Himmetli, hizmetli İhsan Efendi oğlum. “Şöhret âfettir.” sözü hadîs-i şeriftir, demişler. Manâ cihetinden hadîs-i şerîf olduğu şüphesizdir. Biz metin üzerinde münâkaşa etmiyoruz. Manâ cihetini tutuyoruz. Lâkin sen böyledir deyu sohbeti ve vazifeli olduğun dersleri bırakmayasın. Burada bir nezaket vardır. Evvel olarak bil ki, mürşidin sana bu yolda ne emrediyorsa cân-ı baş üzere kabul edip mucibince amel et. O amelle derece mi kat edersin, hayır mı işlersin, sevap mı kazanırsın, şöhret mi elde edersin, bunlara bakma. Sâniyen (ikinci olarak) şöhreti sen istemedikten sonra şöhretli olmak dahi nefse muhalefettir. Amma böyle meşhur olmayı sen dileseydin hiç şüphesiz bu insanı helak eden bir âfettir.
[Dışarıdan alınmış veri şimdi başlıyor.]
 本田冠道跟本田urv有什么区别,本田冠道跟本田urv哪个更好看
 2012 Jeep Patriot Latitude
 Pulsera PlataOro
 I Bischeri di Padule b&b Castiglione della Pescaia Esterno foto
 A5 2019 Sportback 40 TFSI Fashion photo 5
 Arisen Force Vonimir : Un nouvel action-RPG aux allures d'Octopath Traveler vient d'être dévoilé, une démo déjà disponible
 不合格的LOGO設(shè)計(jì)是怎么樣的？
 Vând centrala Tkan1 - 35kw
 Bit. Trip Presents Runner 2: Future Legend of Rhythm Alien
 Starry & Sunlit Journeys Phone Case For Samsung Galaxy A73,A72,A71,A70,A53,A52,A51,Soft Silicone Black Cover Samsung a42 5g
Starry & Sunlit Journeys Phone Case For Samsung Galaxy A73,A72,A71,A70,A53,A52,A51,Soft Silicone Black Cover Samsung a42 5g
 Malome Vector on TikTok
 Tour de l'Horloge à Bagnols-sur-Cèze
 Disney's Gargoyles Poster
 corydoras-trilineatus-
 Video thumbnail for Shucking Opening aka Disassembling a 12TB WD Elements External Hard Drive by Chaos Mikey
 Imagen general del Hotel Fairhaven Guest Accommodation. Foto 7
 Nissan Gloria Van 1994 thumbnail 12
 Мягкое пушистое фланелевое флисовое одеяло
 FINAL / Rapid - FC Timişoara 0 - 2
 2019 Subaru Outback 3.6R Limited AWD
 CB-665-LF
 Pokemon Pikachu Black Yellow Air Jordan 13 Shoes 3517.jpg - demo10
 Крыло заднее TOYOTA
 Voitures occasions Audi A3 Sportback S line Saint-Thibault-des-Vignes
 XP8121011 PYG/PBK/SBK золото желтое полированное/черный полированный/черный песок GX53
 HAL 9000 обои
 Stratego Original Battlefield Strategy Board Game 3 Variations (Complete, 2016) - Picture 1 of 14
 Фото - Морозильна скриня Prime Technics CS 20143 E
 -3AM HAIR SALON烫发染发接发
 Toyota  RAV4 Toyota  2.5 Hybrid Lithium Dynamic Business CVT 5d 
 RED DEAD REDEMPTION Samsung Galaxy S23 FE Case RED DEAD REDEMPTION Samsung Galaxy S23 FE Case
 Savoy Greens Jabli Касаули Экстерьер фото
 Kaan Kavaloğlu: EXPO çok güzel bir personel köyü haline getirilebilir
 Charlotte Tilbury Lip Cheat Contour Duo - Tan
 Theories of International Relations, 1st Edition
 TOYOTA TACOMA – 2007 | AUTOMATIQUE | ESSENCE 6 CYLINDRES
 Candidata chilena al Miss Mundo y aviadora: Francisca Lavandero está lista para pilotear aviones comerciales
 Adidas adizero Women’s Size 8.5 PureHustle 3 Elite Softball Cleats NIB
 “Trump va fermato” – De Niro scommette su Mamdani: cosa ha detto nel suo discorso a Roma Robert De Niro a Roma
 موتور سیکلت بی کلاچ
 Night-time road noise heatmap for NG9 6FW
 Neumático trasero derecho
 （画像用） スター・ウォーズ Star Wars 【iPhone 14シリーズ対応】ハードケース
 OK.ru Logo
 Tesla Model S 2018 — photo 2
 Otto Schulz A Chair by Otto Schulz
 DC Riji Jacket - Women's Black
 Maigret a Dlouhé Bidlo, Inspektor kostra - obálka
Sâlisen (üçüncüsü) nasıl şöhret bulduğuna nazar etmek icap eder. “Bu adam Allah velîsidir veyahut çok sâlih bir kimsedir” diye meşhur olmak ayrı bir dava, “Bu adam sanki kendisi çok makbul de bir de insanları irşâd ediyor” denilerek kınanmak ve böylece şöhret bulmak ayrı bir dava…

Evlâdım, şimdiki zamanda melâmet, kendini saklamakla, dini yaşamakla oluyor. Dinî sohbet yapanlar, Allah ve Rasûl ahlâkından bahsedenler istihza ediliyor. Dünya ehli, “Bu zamanda bunlar olur mu?” diyor. Kendilerini âşık zannedenlerse: “Biz bunları geçtik, aşkımız bize yeter.” diyor. Binâenaleyh senin bu şekilde kınanman nefsinin hoşuna giden bir hâlden ziyâde nefsine ağır gelen bir hâldir. İnsanlara hizmet ve sohbet ederken kendini onlardan âli görmeyesin. Böyle olduktan sonra senin heybetin, vakarın kibir ve ucûb değildir. Yerli yerince bir ameldir. Hâdisenin başka cihetleri de var.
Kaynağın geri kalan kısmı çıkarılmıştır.